[Data below]
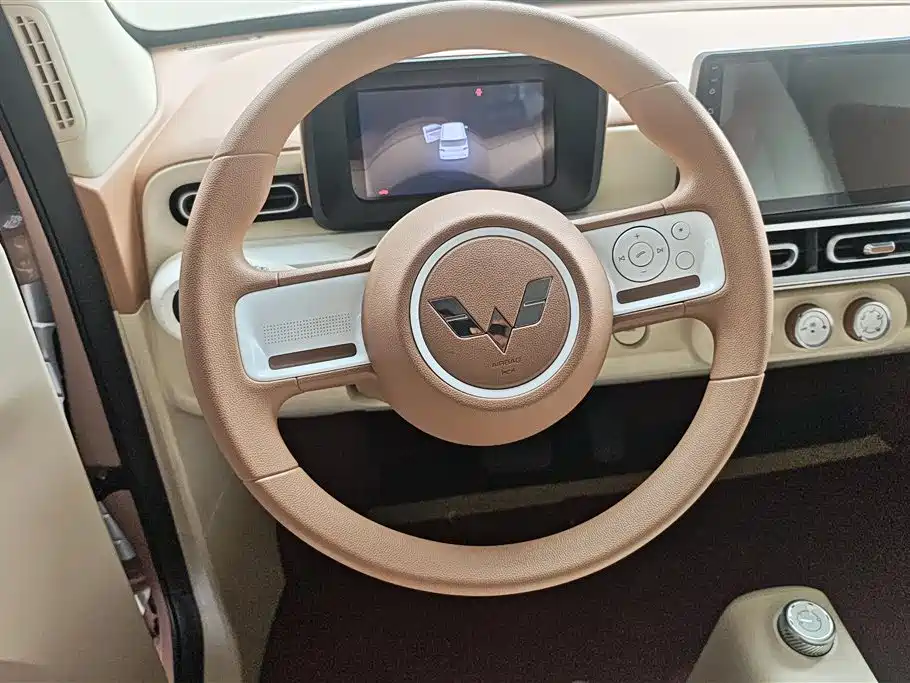 Wuling Mini EV — фотографии объявления, Фото 15
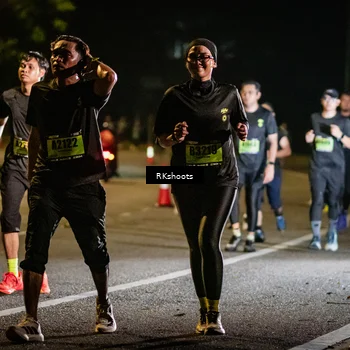 Runner Photo 5464222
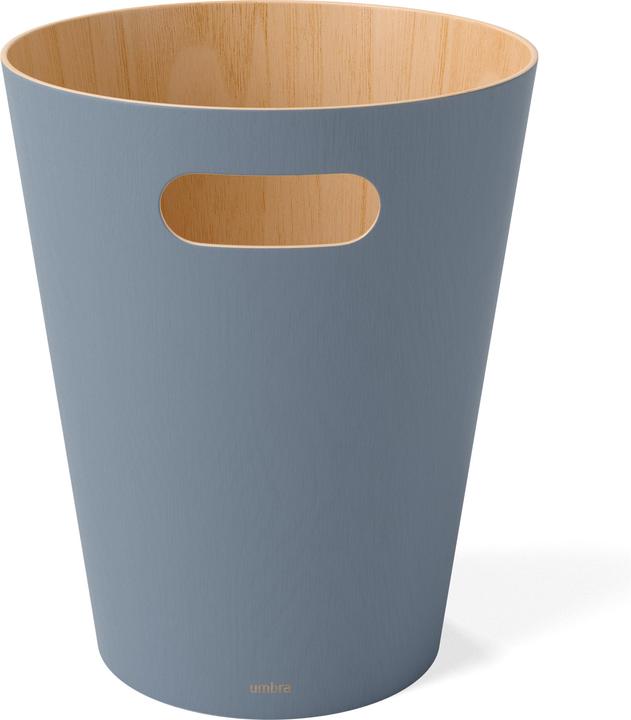 Umbra Papierkorb Woodrow 7.5 l (7.50 l)
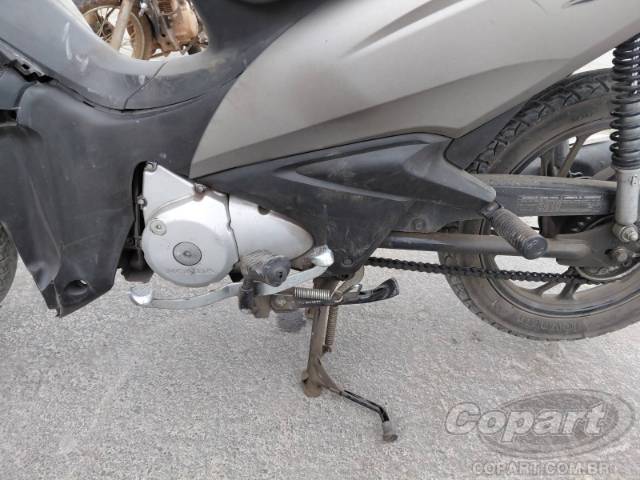 2023 HONDA BIZ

[What you should do] Would you retype all the material above exactly, apart from its pictures?

[Result for this task]
 Wuling Mini EV — фотографии объявления, Фото 15
 Runner Photo 5464222
 Umbra Papierkorb Woodrow 7.5 l (7.50 l)
 2023 HONDA BIZ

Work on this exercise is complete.